Sectores productivos del Biobío advierten trabas para reactivar la inversión regional
02 de Abril 2026 | Publicado por: Bruno Rozas Hinayado
Diversos representantes del mundo productivo coincidieron en la necesidad de mejorar las condiciones habilitantes para la inversión.
Con un énfasis puesto en los desafíos estructurales que enfrenta la Región del Biobío para retomar el crecimiento, diversos representantes del mundo productivo coincidieron en la necesidad de mejorar las condiciones habilitantes para la inversión, fortalecer la coordinación entre sectores y avanzar en soluciones concretas que permitan dinamizar la economía regional.
Las reflexiones surgieron durante la jornada de Agenda Biobío 2026, instancia que reunió en Concepción a líderes de sectores estratégicos como energía, construcción y desarrollo territorial.
Durante la actividad, el presidente de IRADE, Nelson Donoso, puso el acento en la necesidad de avanzar en acuerdos que permitan impulsar el desarrollo regional. A su juicio, la instancia reflejó la capacidad del territorio para debatir sobre su futuro con una mirada amplia y colaborativa.
“Este encuentro confirma que el Biobío tiene la madurez y la convicción para sostener conversaciones profundas sobre su desarrollo. Hoy, con la presencia de más de 130 representantes del mundo público y privado, demostramos que la articulación es el camino para avanzar con decisión en los temas que importan a la región”, sostuvo.
Sin embargo, más allá de las definiciones generales, fueron los representantes de los sectores productivos quienes profundizaron en las brechas que, a su juicio, siguen limitando el desarrollo regional.
Tras la exposición inicial, la jornada continuó con un panel técnico donde se abordaron los desafíos en inversión, infraestructura y resiliencia sectorial, en el que los expositores coincidieron en que existe disposición del sector privado para impulsar proyectos, pero que aún persisten obstáculos estructurales que dificultan su concreción.
Desde el ámbito energético, Pilar Acevedo, Managing Director de Power Networks de ENGIE Chile, planteó que la región enfrenta un desafío clave en materia de transmisión eléctrica, advirtiendo que el potencial energético del Biobío podría verse limitado si no se avanza en infraestructura. La ejecutiva explicó que, pese al desarrollo de proyectos eólicos y al interés de las empresas por invertir, existen restricciones que impiden aprovechar plenamente esa capacidad.
Acevedo enfatizó que el desarrollo energético requiere una planificación coordinada entre generación y transmisión, señalando que “sin un desarrollo en temas de transmisión no hay una posibilidad de tener transición energética; falta una coordinación real entre el desarrollo de la generación y el de las carreteras eléctricas”. Según indicó, esta falta de sincronización podría convertirse en una barrera crítica para el crecimiento del sector energético y, en consecuencia, para el desarrollo económico de la región.

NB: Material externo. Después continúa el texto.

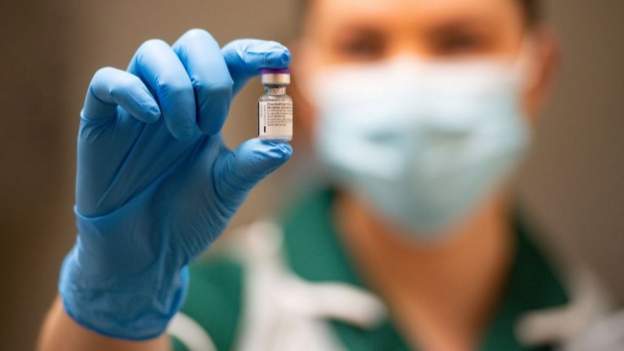 Korona virus i Srbija: Počela vakcinacija, premijerka i ministarka prve dobile vakcinu 2 korona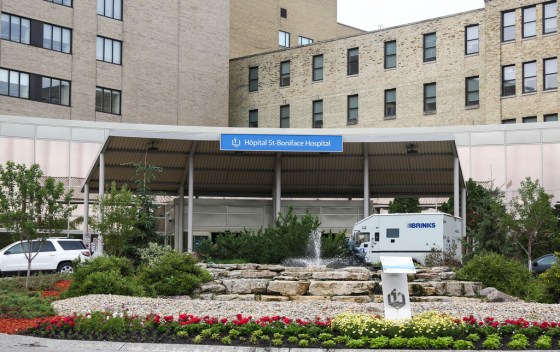 A COVID outbreak at St. Boniface Hospital has infected 11 patients and five staff members in the E5 and E6 units, which have been raised to critical under Manitoba's pandemic-response system. (Mike Deal / Winnipeg Free Press files)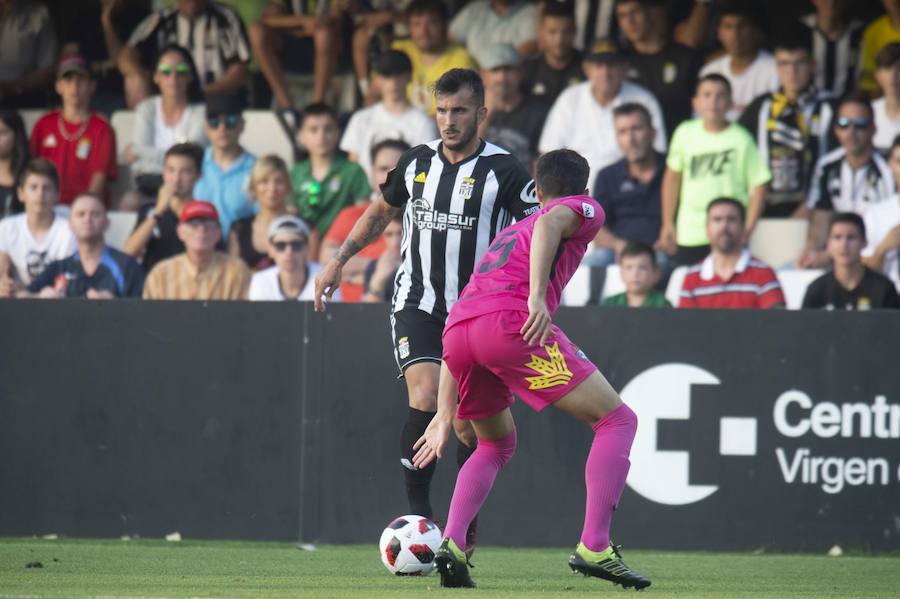 Imágenes del partido de ida de la segunda ronda de la fase de ascenso entre el FC Cartagena y la SD Ponferradina disputado en el estadio de Cartagonova, con resultado de 1-2 para la Ponferradina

La ejecutiva agregó que el Biobío cuenta con condiciones naturales favorables para la generación de energías renovables, pero que la ausencia de infraestructura adecuada amenaza con ralentizar proyectos que ya están en carpeta. En ese contexto, insistió en la importancia de anticipar la planificación y avanzar en una coordinación público-privada que permita responder a la demanda energética futura.

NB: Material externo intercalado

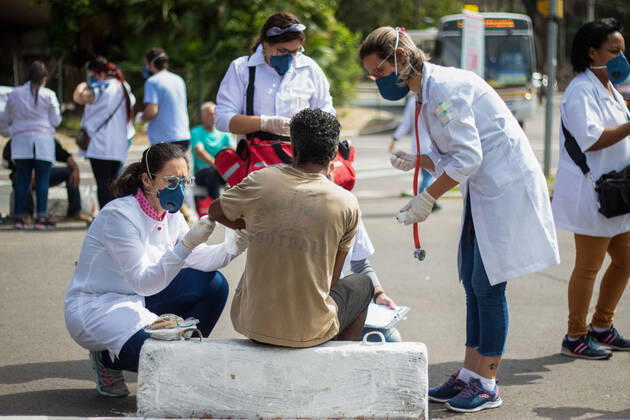 April 19, 2020, Porto Alegre, Rio Grande do Sul, Brasil: (INT) Solidarity action amid Covid-19. April 19,2020, Porto Alegre,Rio Grande do Sul,Brazil:A group formed by nurses, technicians and students in the health area, carry out a social project aimed at assisting homeless people and those in a situation of social vulnerability, in Porto Alegre, Brazil,during the pandemic of the new coronavirus (covid-19)...Credit: Thenews2 Porto Alegre Brasil - ZUMAn293 20200419_znp_n293_010 Copyright: xFernandoxAlvesx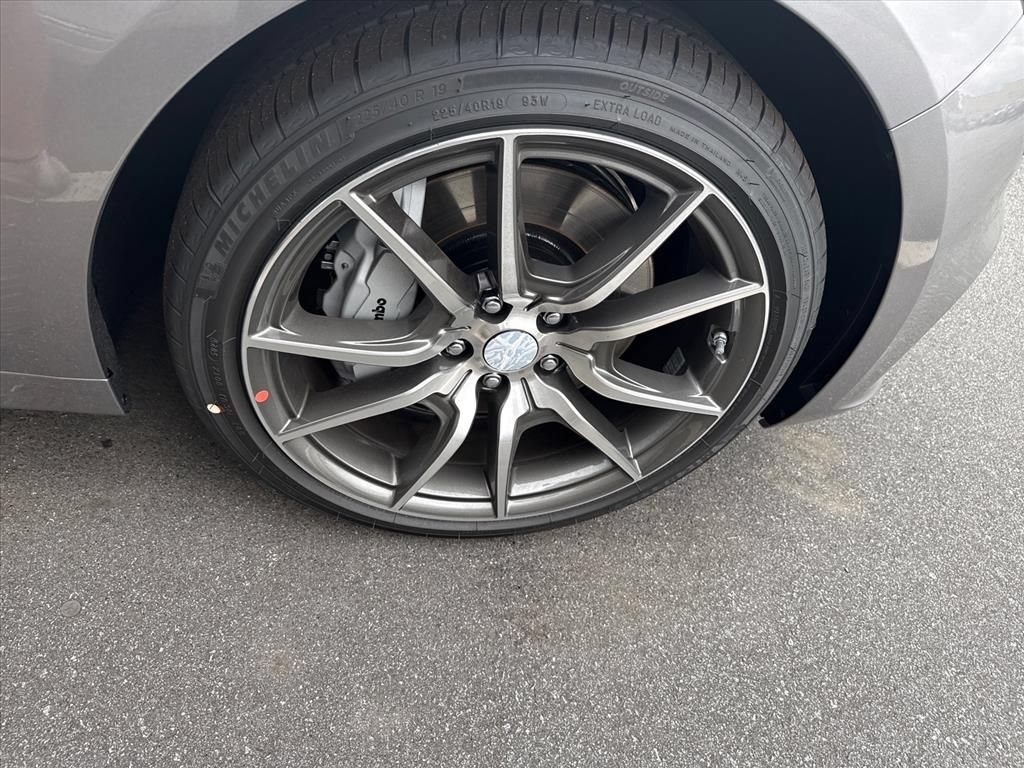 New 2026 Genesis G70 2.5T RWD image 9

Desde el sector inmobiliario y de la construcción, el diagnóstico también apuntó a limitaciones estructurales que afectan la expansión urbana y la disponibilidad de viviendas. El gerente general de Valmar, Sergio Jara, valoró algunas señales de reactivación, aunque advirtió que el principal obstáculo en la región sigue siendo la falta de suelo disponible para el desarrollo habitacional.
“El problema central es la disponibilidad de suelo. A través de los planes reguladores se ha ido restringiendo lo que se puede hacer en los terrenos, afectando la necesidad de vivienda de miles de familias en la región”, afirmó Jara, quien sostuvo que las actuales limitaciones urbanísticas han reducido las posibilidades de crecimiento de las ciudades.

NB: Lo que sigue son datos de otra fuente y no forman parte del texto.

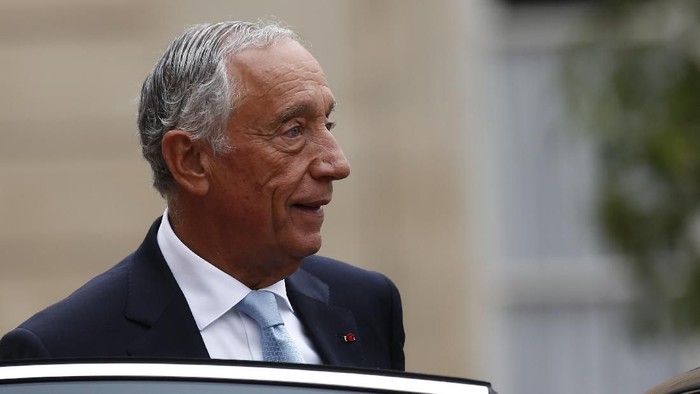 FILE - In this Sunday, July 14, 2019 file photo, Portugals President Marcelo Rebelo de Sousa leaves after a lunch at the Elysee Palace that followed Bastille Day parade on the Champs-Elysees avenue in Paris. The office of Portugals 71-year-old president said Sunday March 8, 2020 that he has canceled all public activities and will stay at home amid the coronavirus outbreak. (AP Photo/Kamil Zihnioglu, File)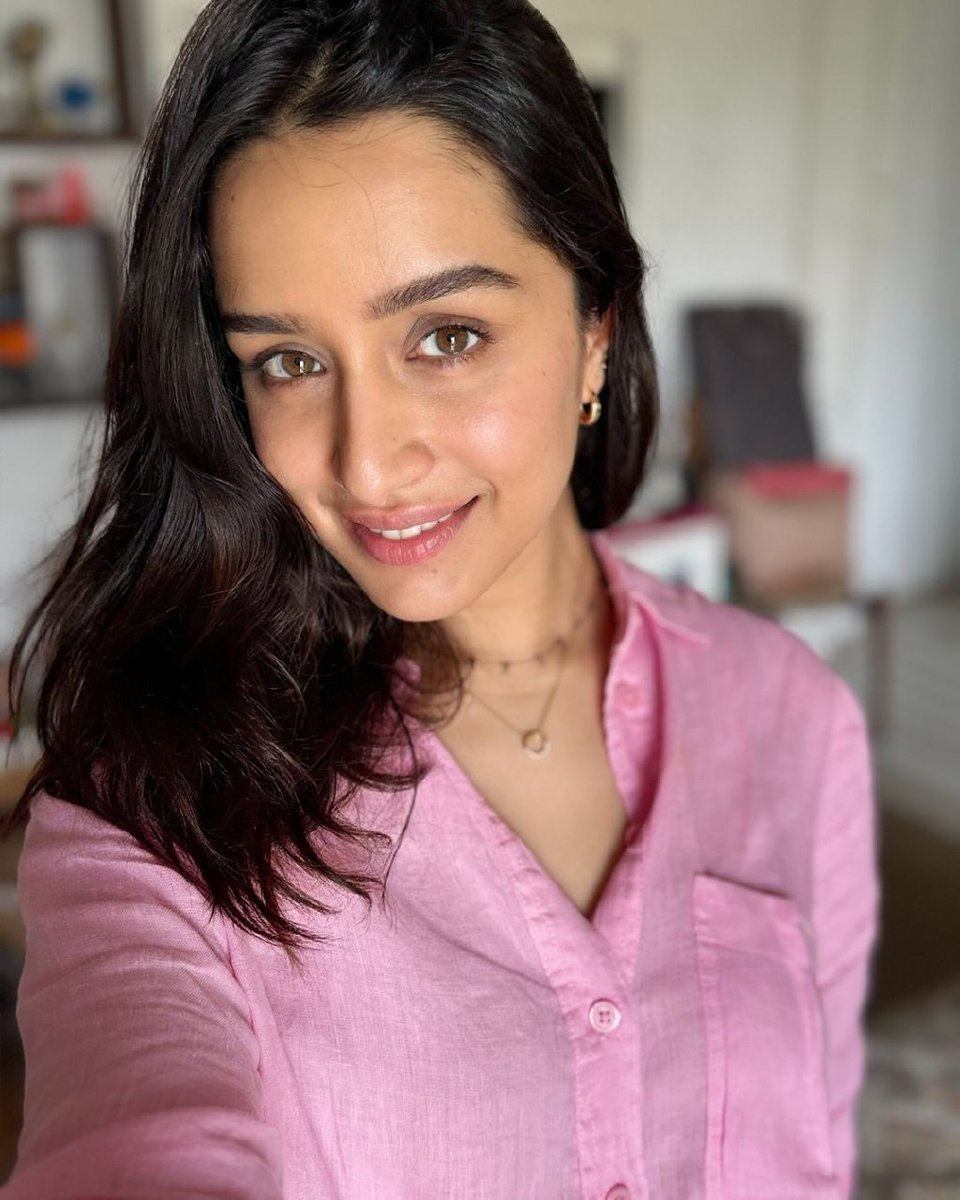 RandomKudiyan's tweet photo. #viral #ViralVideos #viralshort #viral2024 #celebrityleaks #bollywoodactresshot #bollywoodactress #bollywoodhot #Paparazzi #dishapatanihot #dishapatani https://t.co/gCZDKKtWRb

El ejecutivo planteó que una de las soluciones pasa por habilitar nuevos terrenos en ubicaciones estratégicas, cercanas a servicios y conectividad. En esa línea, indicó la necesidad de avanzar en la habilitación de aproximadamente mil hectáreas que permitan responder a la demanda habitacional sin alejar a las familias de los centros urbanos. Según explicó, esto no solo facilitaría el acceso a viviendas, sino que también contribuiría a un desarrollo urbano más equilibrado.